Фелицианов ожидал, что Штейн взорвется, вспылит, и эта казнь в невесомом кресле кончится где-нибудь в камере. Привыкнув к мысли о быстром конце, Георгий Андреевич торопил время, а всякая неопределенность оттягивала муку.
Нет, Штейн не взорвался, не вспылил – он всякого навидался. Ламывать приходилось и не таких. В частности, и вежливым пренебрежением к личному оскорблению. Он просто переменил планы на сегодня и решил не посвящать заключенного в суть дела. Успеется. Он согнал с лица добродушную иронию, стал сух и официален.
– В соответствии с режимом отбывания заключения, – заговорил Штейн скрипуче-канцелярским голосом, – вам вменяется в обязанность чтение некой рукописи. По прочтении вам надлежит написать рецензию на это произведение. Норма чтения – двести страниц в день. На сегодня вы лишаетесь прогулки и обеда.
Со стеллажа извлечена была толстая папка на добрую тысячу страниц. Штейн, аккуратно положив ее перед Фелициановым, ушел. Урчание мотора за окном означало, что он отбыл домой. А может, к начальству. Кто его знает?
Георгий Андреевич остался один.
Когда ты на свободе, бульвары представляются средоточием тишины. Мы, оказывается, умеем не слышать. Сейчас же уличные гулы обвалились на слух несчастного Фелицианова, они дразнили арестанта, манили на волю, вселили в душу лихорадочное беспокойство. Он закрыл форточку – не помогло: чуть глуше, но еще заманчивей и соблазнительнее. Слух обостряется, зачем-то нестерпимо хочется связать обрывки разговоров у трамвайной остановки – она как раз напротив ворот особняка.

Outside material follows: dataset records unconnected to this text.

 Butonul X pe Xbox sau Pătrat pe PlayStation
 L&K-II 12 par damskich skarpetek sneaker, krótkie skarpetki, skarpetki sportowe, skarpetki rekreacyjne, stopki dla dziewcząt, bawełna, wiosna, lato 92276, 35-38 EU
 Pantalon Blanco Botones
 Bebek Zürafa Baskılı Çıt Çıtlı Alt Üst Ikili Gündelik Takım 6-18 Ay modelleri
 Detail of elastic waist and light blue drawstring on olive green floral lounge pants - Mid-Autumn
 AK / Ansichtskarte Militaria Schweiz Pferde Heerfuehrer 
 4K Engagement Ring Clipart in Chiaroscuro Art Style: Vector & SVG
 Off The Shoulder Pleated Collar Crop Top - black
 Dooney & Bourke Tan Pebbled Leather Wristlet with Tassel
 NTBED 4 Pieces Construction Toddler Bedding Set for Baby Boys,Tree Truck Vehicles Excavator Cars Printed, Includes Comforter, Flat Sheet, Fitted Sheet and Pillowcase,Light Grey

Георгий Андреевич метался из угла в угол, не в силах сосредоточиться ни на одной мысли. А ведь надо хотя бы попытаться понять свое новое положение, выработать линию поведения со Штейном… Он вышел из комнаты.
Никуда его конвоиры не делись – вот они, все три добрых молодца молчаливо стоят в коридоре. Указали, где туалет, ванная, во все прочие помещения – «Не положено!» И, как часовые у мавзолея, замерли у дверей, невесть куда ведущих.

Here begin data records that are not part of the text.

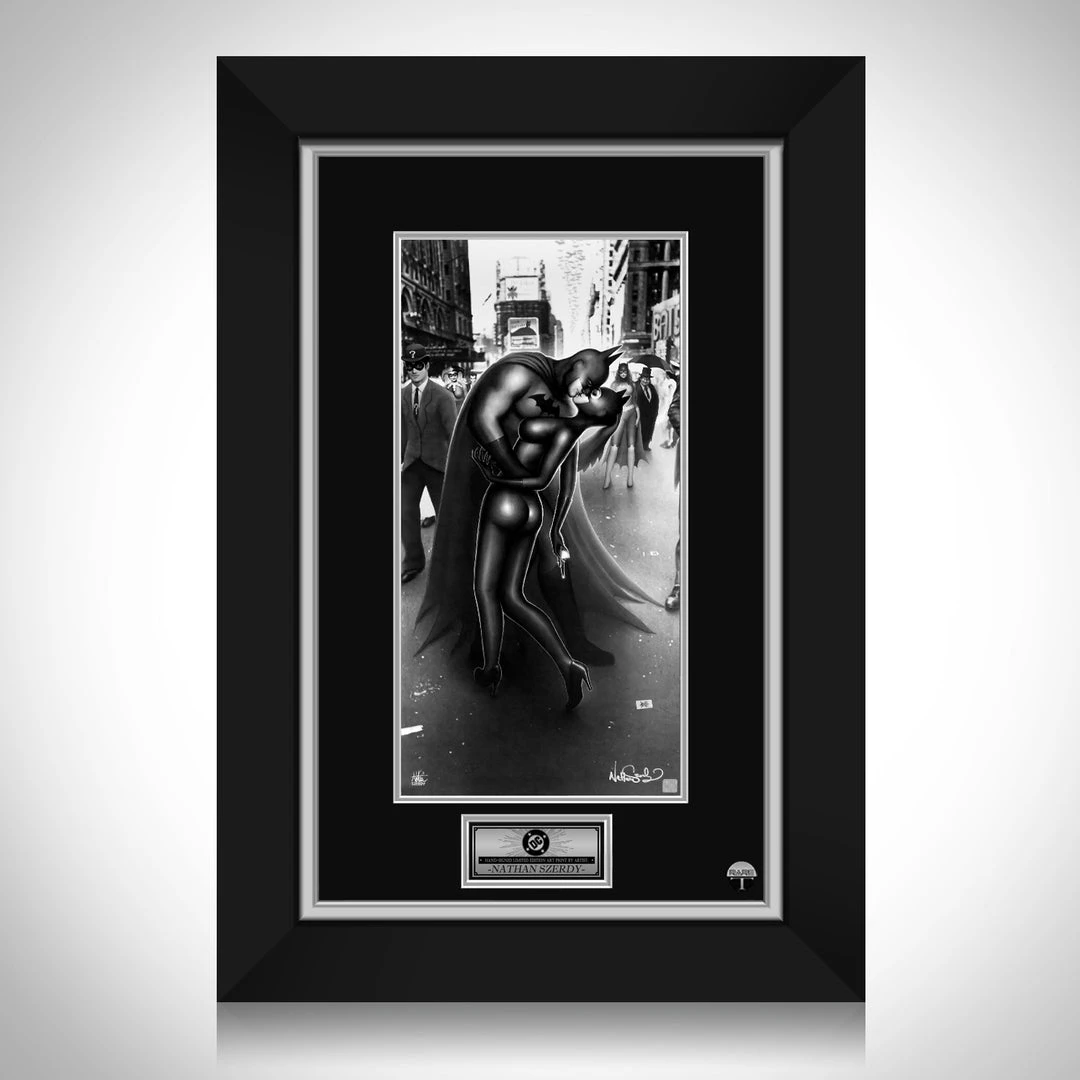VAULT COLLECTIBLES Batman & Catwoman 'Kiss' Hand-Signed Artwork Print By Artist Nathan Szerdy Custom Frame Signed Memorabilia 1 VAULT COLLECTIBLES Batman & Catwoman 'Kiss' Hand-Signed Artwork Print By Artist Nathan Szerdy Custom Frame Signed Memorabilia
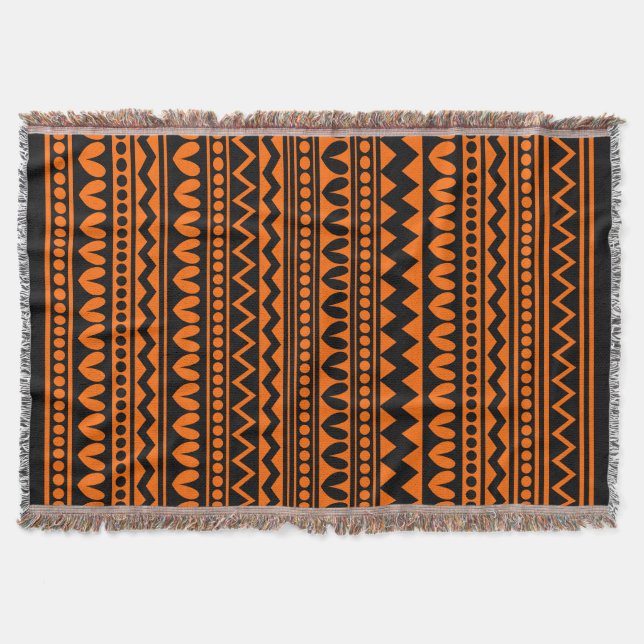 Tribal Style - Black on Orange Throw Blanket (Front)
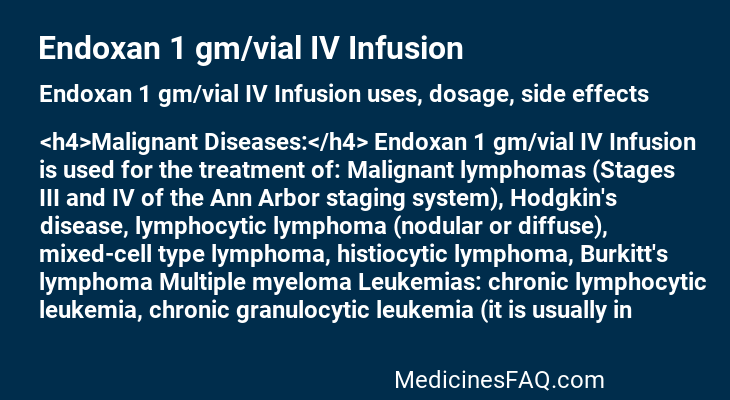 Endoxan 1 gm/vial IV Infusion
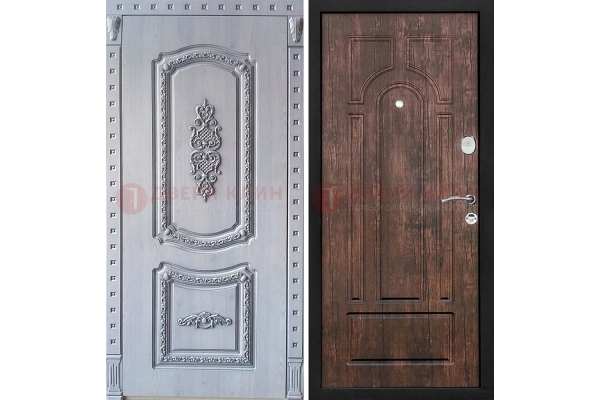 Металлическая дверь с узором и виноритом ДВТ-102 для коттеджа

Не положено так не положено, Георгий Андреевич вернулся в гостиную. Опять ходил из угла в угол, отмерив по диагонали одиннадцать шагов. Так ни до чего не додумавшись, из простого любопытства – он не намеревался делать этого – развязал тесемки.
Титульного листа не было. Ни названия, ни фамилии автора. Почерк витиеват, особенно на первых страницах, с вычурными писарскими кудрями вокруг прописных и тех элементов строчных, что витают над строкой или играют под нею. Текст начинался, как у каждого третьего графомана, с весеннего пейзажа: «Весна в тот год выдалась поздняя, зато дружная». И пошло-поехало: ручейки, зеленя, птички райские щебечут… Страниц семь усердного и равнодушного описания природы, знакомой Фелицианову по гимназическим каникулам на Кавказе. Действие, видимо, происходило там, в долинах Терека. Но до действия далеко – длинная и корявая этнография русских поселений на границе с Чечней и Дагестаном, быт казачества, долгое, страниц на сорок, детство с материнской лаской, отцовым ремнем и обидами на драчливых товарищей, преодоленными упорными тренировками с бодливой козой и воспитанным в самом себе бесстрашием.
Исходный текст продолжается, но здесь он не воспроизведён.